Suppose we have a sequence of random variables \(\{U_n\}\) that is asymptotically normal,that is, there exist constants \(\theta, \sigma\), where \(\sigma > 0\), such that \[ \sqrt{n} \left(\dfrac{U_n -\theta}{\sigma} \right)\overset{D} \longrightarrow \mathcal{N}(0,1). \] That is, the distribution of \(U_n\), suitably standardized, converges to a standard normal distribution. Then, for any differentiable function \(g\), such that \(\lvert g'(\theta)\rvert \ne 0\), we have: \[ \sqrt{n} \left(\dfrac{g(U_n) -g(\theta)}{\lvert g'(\theta)\rvert \sigma} \right)\overset{D} \longrightarrow \mathcal{N}(0,1). \] That is, \(g(U_n)\) is also approximately normal for large \(n\): \[ g(U_n) \approx \mathcal{N}\left(g(\theta), \frac{\lvert g'(\theta)\rvert^2 \sigma^2}{n}\right) \]

Proof sketch

Using Taylor expansion (or the delta method) of \(g\) about \(\theta\), we have that \[ g(U_n) = g(\theta) + (U_n - \theta)g'(\theta) + R, \] where \(R\) is a remainder term that goes to \(0\) as \(n \rightarrow \infty\).

Subracting \(g(\theta)\) from both sides and multiplying both sides by \(\sqrt{n}\) we get: \[ \sqrt{n}\left[g(U_n) - g(\theta)\right] = \sqrt{n} (U_n - \theta)g'(\theta) + R \] Notice that multiplying the remainder term by \(\sqrt{n}\) makes no difference, it will still go to \(0\) as \(n \rightarrow \infty\), so we just continue to write it as \(R\).

We know that \(\sqrt{n} (U_n - \theta)/\sigma\) is approximately standard normal(that is \(\sqrt{n} (U_n - \theta)/\sigma \approx \mathcal{N}(0, 1))\) which implies that \(\sqrt{n} (U_n - \theta)\) is approximately normal with mean \(0\) and variance \((\sigma\cdot g'(\theta))^2\). Therefore the lefthand side also must be approximately normal with the same parameters: \[ \sqrt{n}\left[g(U_n) - g(\theta)\right] \approx \mathcal{N}\left(0, [\sigma\cdot g'(\theta)]^2\right). \]

which gives us the result of the theorem (by dividing by \(\lvert \sigma\cdot g'(\theta)\rvert\)).

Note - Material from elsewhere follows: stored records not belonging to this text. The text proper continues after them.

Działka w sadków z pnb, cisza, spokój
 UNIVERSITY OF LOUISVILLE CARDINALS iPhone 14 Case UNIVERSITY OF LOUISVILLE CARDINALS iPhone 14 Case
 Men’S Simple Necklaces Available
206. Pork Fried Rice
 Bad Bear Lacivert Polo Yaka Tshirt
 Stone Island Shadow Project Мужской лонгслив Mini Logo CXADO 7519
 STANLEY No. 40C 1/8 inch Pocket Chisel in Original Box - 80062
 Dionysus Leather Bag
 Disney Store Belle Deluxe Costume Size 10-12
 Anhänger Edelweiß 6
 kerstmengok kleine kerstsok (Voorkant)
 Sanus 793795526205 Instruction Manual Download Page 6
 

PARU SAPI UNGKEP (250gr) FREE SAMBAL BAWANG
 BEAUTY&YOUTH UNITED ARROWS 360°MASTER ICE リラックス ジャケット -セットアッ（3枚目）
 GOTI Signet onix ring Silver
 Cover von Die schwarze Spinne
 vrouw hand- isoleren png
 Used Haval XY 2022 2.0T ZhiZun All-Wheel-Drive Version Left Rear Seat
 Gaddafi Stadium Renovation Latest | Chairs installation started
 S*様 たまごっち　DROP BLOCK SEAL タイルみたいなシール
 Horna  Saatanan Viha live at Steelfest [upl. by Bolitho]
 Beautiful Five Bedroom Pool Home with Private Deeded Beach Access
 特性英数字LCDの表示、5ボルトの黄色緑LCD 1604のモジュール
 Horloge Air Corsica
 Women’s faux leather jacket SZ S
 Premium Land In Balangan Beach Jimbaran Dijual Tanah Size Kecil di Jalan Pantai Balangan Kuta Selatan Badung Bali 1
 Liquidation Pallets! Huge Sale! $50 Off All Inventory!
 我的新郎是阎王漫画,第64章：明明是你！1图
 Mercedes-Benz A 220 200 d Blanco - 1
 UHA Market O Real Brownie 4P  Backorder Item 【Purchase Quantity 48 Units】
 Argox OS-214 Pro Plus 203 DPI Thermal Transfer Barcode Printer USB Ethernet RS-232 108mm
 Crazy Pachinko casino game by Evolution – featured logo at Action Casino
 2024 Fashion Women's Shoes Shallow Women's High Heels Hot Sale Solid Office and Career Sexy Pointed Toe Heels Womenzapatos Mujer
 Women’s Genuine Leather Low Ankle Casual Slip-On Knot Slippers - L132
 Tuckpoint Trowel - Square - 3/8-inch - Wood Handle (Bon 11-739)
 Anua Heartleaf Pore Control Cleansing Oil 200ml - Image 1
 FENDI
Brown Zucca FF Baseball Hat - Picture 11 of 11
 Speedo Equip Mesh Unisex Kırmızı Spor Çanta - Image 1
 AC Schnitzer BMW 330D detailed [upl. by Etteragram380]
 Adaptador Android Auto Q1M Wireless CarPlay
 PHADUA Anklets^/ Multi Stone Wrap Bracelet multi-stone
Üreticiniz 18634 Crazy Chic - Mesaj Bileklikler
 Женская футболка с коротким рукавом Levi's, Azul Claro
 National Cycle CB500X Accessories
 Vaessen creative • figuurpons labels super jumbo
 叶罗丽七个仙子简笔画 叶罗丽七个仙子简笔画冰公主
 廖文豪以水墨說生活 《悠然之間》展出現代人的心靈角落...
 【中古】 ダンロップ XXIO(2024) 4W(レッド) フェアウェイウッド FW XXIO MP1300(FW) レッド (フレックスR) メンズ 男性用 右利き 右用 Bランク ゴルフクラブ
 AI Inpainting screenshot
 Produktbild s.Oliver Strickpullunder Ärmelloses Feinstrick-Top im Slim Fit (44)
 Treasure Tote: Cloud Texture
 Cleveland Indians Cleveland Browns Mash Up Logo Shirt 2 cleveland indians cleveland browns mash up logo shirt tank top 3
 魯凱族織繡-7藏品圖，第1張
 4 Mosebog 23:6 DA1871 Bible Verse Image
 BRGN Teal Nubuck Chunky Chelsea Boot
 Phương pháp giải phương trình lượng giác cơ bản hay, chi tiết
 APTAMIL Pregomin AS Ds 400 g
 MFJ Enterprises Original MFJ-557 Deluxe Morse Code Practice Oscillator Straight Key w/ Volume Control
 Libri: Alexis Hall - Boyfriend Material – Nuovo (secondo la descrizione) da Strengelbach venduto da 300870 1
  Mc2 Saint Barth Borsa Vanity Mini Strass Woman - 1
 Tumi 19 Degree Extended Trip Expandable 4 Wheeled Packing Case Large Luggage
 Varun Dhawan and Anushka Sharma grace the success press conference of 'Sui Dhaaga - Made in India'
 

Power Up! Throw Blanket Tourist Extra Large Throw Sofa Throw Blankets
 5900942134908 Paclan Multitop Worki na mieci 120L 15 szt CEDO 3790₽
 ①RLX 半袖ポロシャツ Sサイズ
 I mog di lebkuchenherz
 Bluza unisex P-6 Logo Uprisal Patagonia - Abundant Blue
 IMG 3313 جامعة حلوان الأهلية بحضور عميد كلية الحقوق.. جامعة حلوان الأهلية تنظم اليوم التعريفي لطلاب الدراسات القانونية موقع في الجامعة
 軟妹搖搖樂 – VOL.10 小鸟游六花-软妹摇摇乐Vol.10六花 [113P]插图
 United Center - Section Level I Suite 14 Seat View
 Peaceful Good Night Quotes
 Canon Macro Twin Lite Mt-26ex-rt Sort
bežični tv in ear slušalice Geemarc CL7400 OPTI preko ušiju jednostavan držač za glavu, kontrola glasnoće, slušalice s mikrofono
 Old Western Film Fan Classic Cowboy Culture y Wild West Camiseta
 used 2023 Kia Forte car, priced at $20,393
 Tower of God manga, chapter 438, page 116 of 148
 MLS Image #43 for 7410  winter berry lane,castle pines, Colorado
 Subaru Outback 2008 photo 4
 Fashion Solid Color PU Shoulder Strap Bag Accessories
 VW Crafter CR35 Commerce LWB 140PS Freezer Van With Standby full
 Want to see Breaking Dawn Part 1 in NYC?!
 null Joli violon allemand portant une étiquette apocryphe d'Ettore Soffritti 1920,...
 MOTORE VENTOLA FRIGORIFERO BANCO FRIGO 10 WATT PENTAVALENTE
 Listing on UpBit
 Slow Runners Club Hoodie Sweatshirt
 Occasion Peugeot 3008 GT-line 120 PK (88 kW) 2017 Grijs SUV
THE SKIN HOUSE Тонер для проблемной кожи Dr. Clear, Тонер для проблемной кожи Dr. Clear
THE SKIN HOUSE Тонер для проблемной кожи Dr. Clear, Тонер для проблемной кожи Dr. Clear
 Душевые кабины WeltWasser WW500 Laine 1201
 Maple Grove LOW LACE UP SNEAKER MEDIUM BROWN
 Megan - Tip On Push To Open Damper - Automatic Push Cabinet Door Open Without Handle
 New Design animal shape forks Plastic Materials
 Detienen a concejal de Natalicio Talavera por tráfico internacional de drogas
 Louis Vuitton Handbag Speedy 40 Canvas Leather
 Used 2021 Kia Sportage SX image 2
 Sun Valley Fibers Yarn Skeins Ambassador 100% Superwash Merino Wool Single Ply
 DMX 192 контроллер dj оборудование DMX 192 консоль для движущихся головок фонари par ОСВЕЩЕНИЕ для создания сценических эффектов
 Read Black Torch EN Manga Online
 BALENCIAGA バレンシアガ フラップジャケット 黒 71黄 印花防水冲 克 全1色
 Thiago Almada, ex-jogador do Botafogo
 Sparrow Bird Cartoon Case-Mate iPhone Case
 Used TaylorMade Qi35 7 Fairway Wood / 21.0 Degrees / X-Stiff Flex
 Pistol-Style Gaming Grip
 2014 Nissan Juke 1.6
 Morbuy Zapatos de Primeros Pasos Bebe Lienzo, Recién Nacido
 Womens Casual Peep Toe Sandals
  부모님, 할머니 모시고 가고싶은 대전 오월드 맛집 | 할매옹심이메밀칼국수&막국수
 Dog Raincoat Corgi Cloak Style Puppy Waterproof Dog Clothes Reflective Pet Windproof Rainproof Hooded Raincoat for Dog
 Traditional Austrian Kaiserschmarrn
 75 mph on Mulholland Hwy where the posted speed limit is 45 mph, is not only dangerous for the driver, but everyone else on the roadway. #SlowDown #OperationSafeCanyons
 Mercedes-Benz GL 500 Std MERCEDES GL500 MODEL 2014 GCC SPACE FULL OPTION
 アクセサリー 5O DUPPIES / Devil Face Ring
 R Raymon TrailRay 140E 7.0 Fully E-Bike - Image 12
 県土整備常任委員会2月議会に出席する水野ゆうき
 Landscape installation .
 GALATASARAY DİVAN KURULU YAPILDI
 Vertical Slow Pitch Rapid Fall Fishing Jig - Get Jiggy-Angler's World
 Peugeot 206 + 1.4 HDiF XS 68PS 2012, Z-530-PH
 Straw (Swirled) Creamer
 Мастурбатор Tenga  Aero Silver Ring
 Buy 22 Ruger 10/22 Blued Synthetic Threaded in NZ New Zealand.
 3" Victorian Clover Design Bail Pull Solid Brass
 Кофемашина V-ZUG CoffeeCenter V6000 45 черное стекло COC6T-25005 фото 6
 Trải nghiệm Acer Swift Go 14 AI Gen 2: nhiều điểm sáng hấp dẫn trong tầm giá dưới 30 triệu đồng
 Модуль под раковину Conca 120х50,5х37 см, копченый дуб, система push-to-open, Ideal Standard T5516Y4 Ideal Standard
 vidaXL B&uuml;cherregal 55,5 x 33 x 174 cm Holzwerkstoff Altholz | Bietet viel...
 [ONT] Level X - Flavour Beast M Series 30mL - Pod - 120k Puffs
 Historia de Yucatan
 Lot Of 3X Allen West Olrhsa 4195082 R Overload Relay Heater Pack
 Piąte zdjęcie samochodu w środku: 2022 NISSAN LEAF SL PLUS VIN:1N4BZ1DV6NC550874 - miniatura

Back to our sample mean and MoM estimator

Instead of \(\{U_n\}\), we have our sequence of sample means \(\{\overline{X}_n\}\), and \(g(\{\overline{X}_n\}) = \hat{\theta}\). By the delta method, we have that \[ \sqrt{n}\left(\frac{g(\overline{X}_n) - g(\mu)}{\lvert g'(\mu)\rvert\sigma}\right)\overset{D}{\longrightarrow}\mathcal{N}(0,1). \] This implies that \[ g(\overline{X}_n) \approx \mathcal{N}\left(g(\mu), \frac{(g'(\mu))^2\sigma^2}{n}\right) \] Note that \(\mu\) and \(\sigma\) are unknown constants, and so we can estimate the parameters of this asymptotic normal distribution with our estimate for \(\theta\): \[ \hat{\theta} = g(\hat{\mu}_1), \] and estimate \(\sigma^2\) by the sample variance \(S^2\). Thus we conclude that \[ \hat{\theta}_{MoM} = g(\hat{\mu}_1) \approx \mathcal{N}\left(\theta, \frac{(g'(\hat{\mu}_1))^2 S^2}{n}\right). \]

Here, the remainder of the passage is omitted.